(Captioned web image data)
__________________________________________________
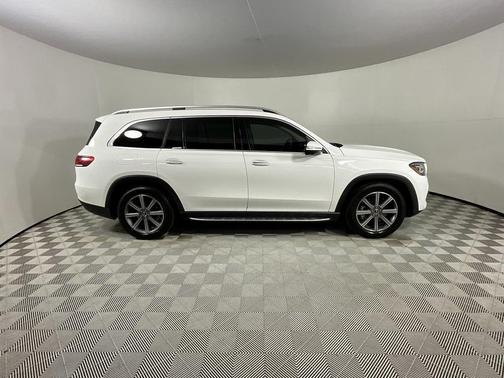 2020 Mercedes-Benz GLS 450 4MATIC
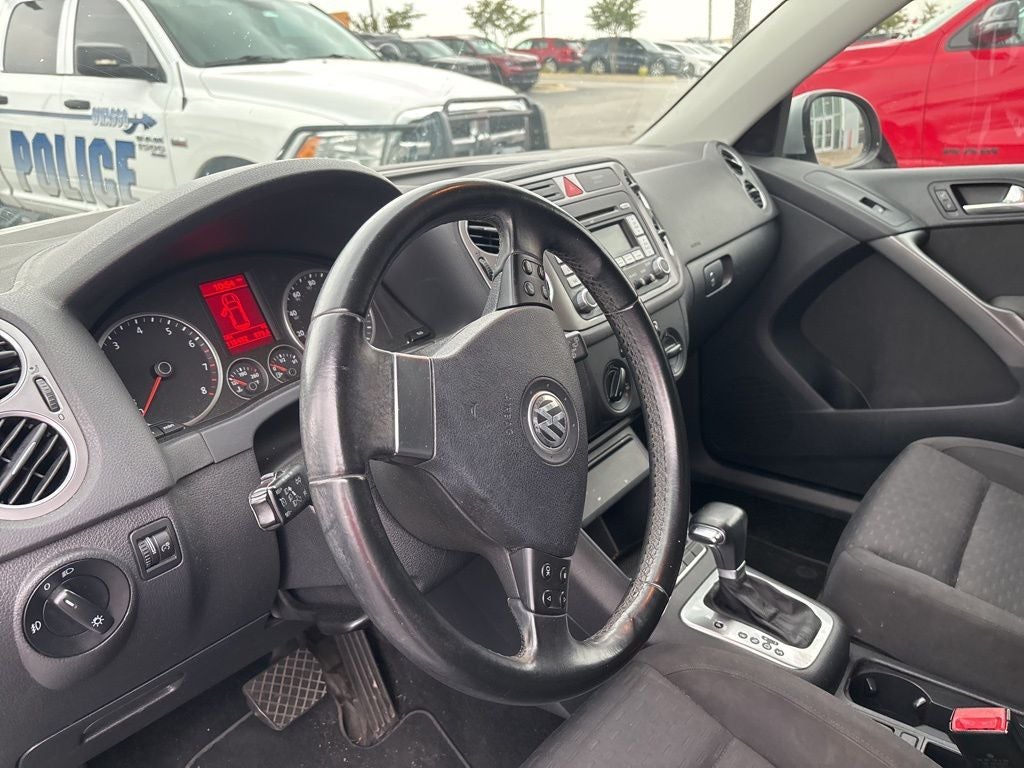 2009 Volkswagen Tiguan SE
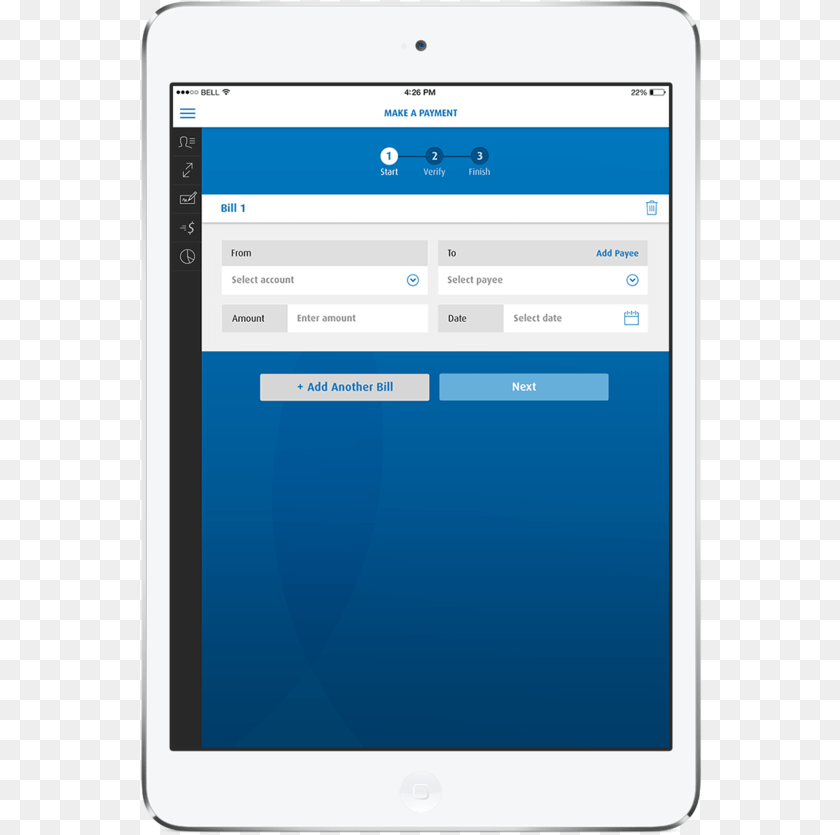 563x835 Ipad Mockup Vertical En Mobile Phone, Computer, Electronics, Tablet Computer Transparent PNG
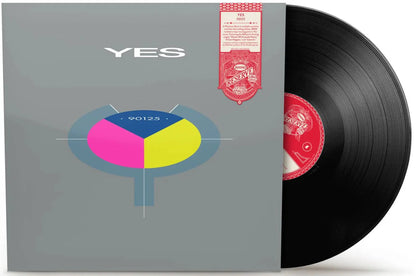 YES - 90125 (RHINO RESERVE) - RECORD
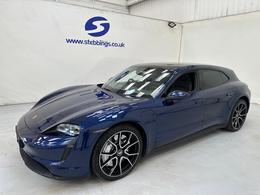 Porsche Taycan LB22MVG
__________________________________________________
### PROBLEM TO WORK ON
Every record, word for word, should be given back without its pictures.

### FINAL ANSWER
 2020 Mercedes-Benz GLS 450 4MATIC
 2009 Volkswagen Tiguan SE
 563x835 Ipad Mockup Vertical En Mobile Phone, Computer, Electronics, Tablet Computer Transparent PNG
 YES - 90125 (RHINO RESERVE) - RECORD
 Porsche Taycan LB22MVG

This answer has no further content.